Political power: Your means, my ends

Posted by Marc Hodak on May 11, 2008 under Revealed preference | Read the First Comment

In democracies, politicians running for office must:

1) Claim that they want power for altruistic reasons,
2) Carefully disguise their raw lust for power, an obsession that necessarily consumes anyone willing to go through the gauntlet of modern elections,
3) Very carefully leave unmentioned the distinguishing characteristic of government while promising all sorts of governmental largess.

So it’s kind of refreshing (in a pointy-headed, academic way) to see a regime where their thirst for power is completely out in the open, where those in power don’t pretend to give a rat’s *ss about anything other than keeping it. The Burmese junta is completely open like that. Amazing. Dissent or challenges of any kind? Not tolerated. Democracy? Out of the question.
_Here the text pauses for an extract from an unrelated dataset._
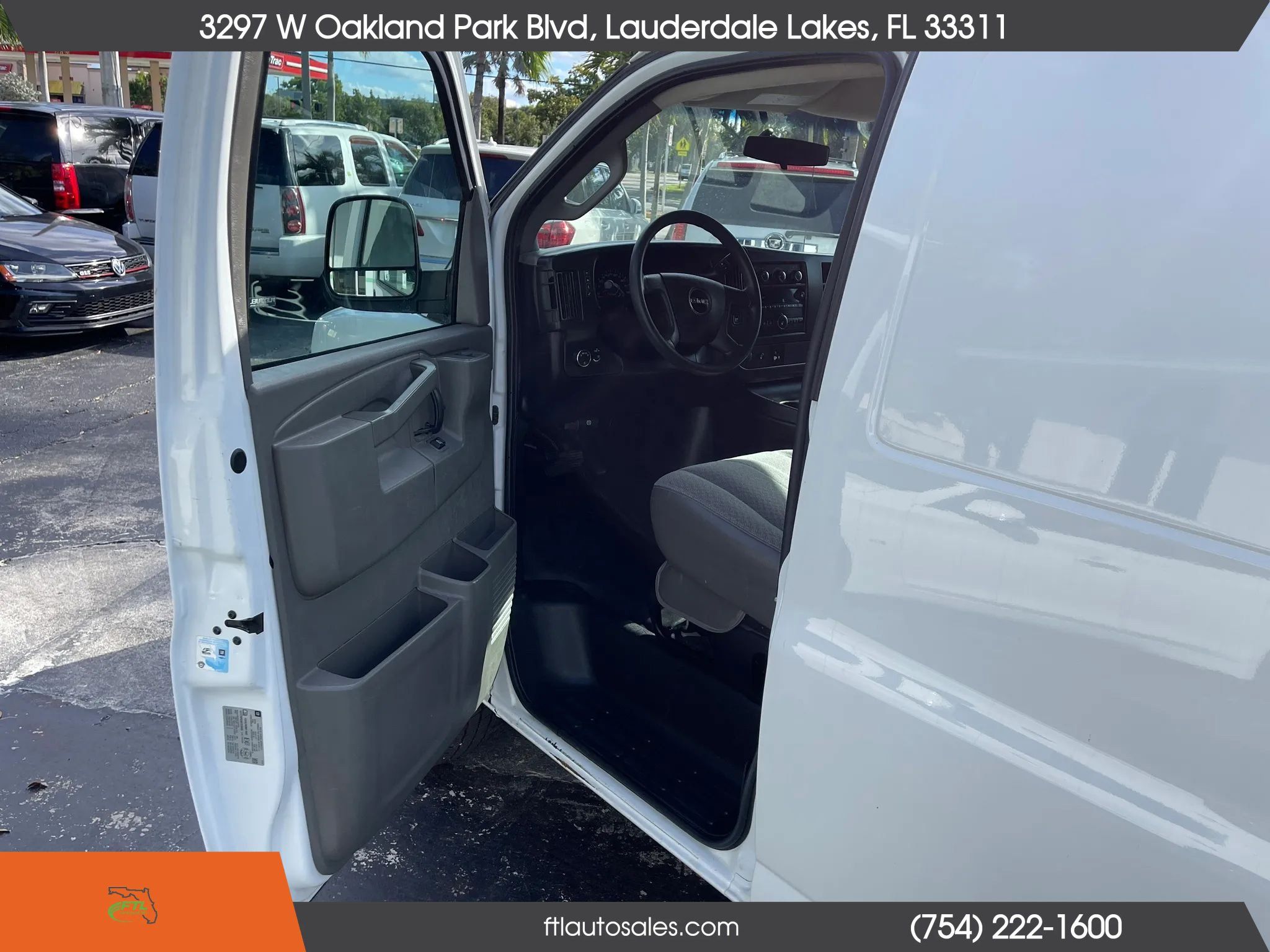 Used 2017 GMC Savana 3500 Extended RWD image 20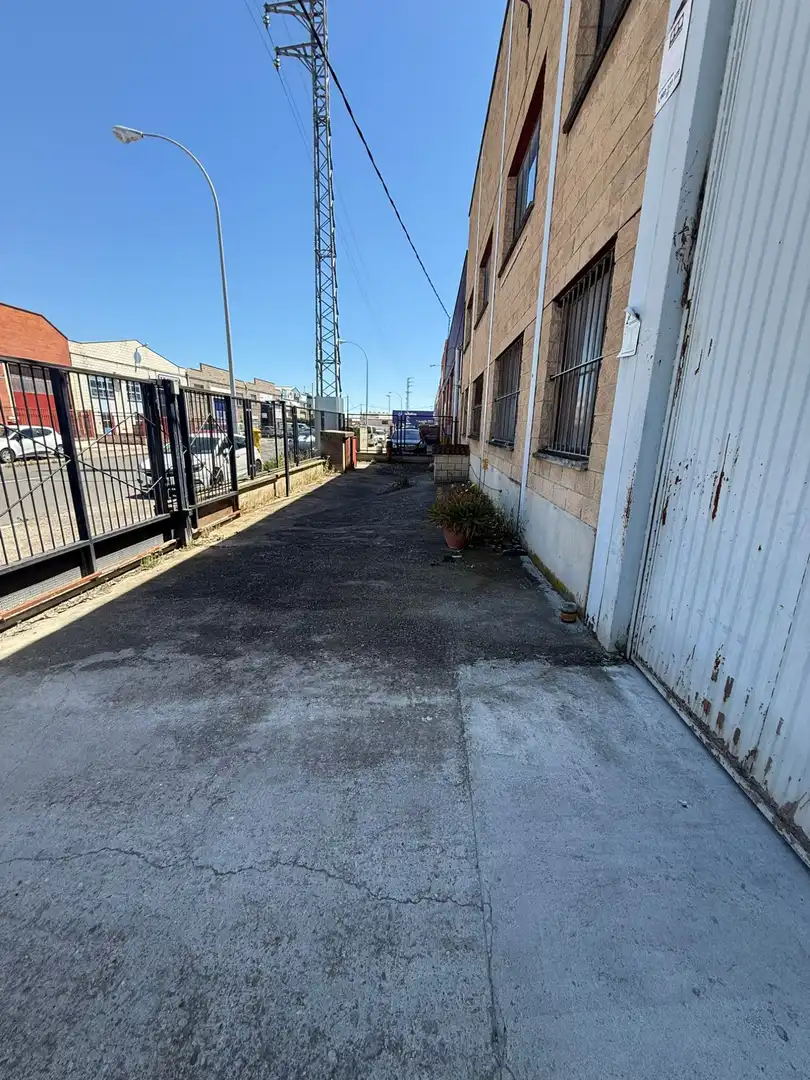 Nave industrielle à louer à La Portalada - Varea, imagen 14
In democracies, politicians disguise the fact that in a choice between their stated ideals versus getting power, most of them consider ideals expendable. In Burma, they are completely open to everyone (but their own people, if they can manage it) that in that in a choice between helping millions of their fellow citizens versus risking losing any part of their grip on power, their fellow citizens are expendable.

  • sam said,

    You gotta hand it to the rulers of Myanmar, they don’t care what anyone thinks about them.